Então, para exemplificar essa minha afirmação acima, vou contar a história da debênture mais polêmica da atualidade: RDVT11.

A queridinha da corretora

Quando a debênture Rodovias do Tietê foi lançada, ela era a queridinha dos distribuidores e dos clientes. Com a promessa de pagar IPCA + 8 por cento isento de Imposto de Renda, ela atraiu a atenção de milhares e milhares de pequenos investidores, se tornando o papel com mais CPFs investidos do Brasil.

A história era a seguinte: uma empresa de concessão de rodovias, controlada por outras 3 empresas gringas, uma delas com ampla experiência em concessões, que fez o seu financiamento via uma debênture que venceria 10 anos antes do final da concessão.

Rodovias da concessionária

A empresa divulgou seu calendário de investimentos em Capex, em concordância com as regras definidas na concessão, que envolvia duplicar algumas rodovias.

O papel incluía alguns covenants, que limitavam o tamanho de índices financeiros que a empresa poderia ter.

Até aqui, parecia tudo normal.

O início do fim

Em meados de 2016, se não me engano, a empresa estourou seu primeiro covenant.

A crise econômica prejudicou fortemente o fluxo de carros nas estradas pedagiadas, reduzindo a receita esperada.

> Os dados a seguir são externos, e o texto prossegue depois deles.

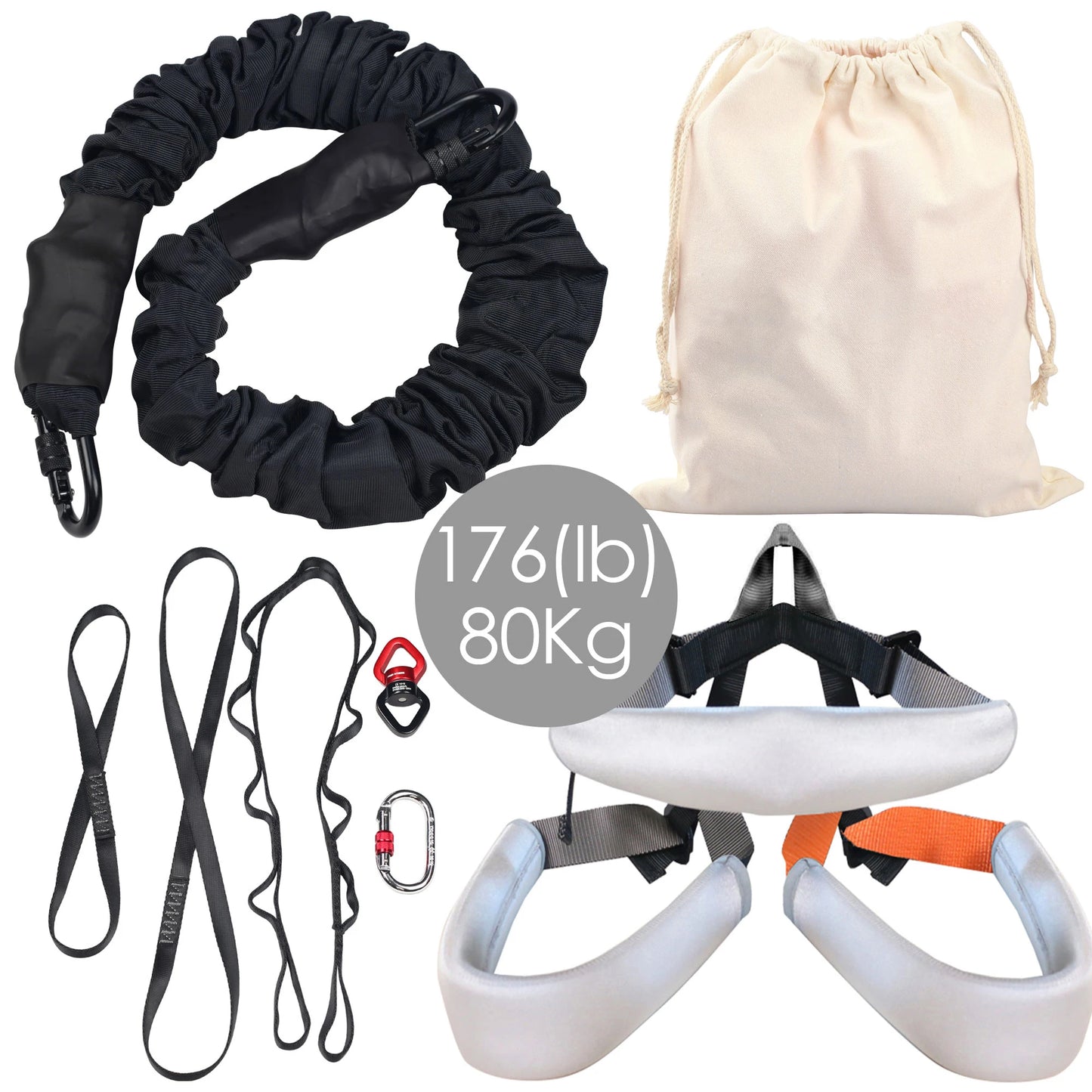Heavy Bungee Fitness Equipment Set Cord and Harness Upgraded For Home Gym Yoga Rope Gravity Bungee Training Pro Tool Studio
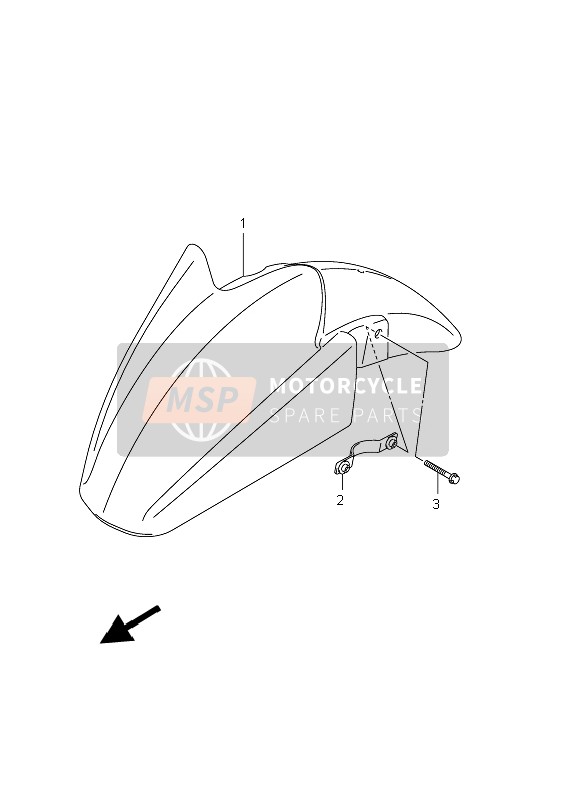 Suzuki GSX650F(A) 2012 VORDERER KOTFLÜGEL (GSX650FU E24) für ein 2012 Suzuki GSX650F(A)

Os debenturistas se reuniram em assembleia, que mais parecia uma reunião de condomínio do prédio, e a empresa optou por pagar uma taxa para que os debenturistas a desobrigassem de cumprir aqueles índices financeiros.

Apesar de embolsarem um bom dinheiro, vários debenturistas decidiram vender seus papéis, jogando a taxa desse título para IPCA + 11 por cento no mercado secundário.

Foi aí que eu conheci o caso.

Achei a taxa super atraente, olhei a emissão, montei minha planilha com os fluxos de Capex e Opex, fiz cenários de stress para a receita e achei tudo aquilo muito interessante.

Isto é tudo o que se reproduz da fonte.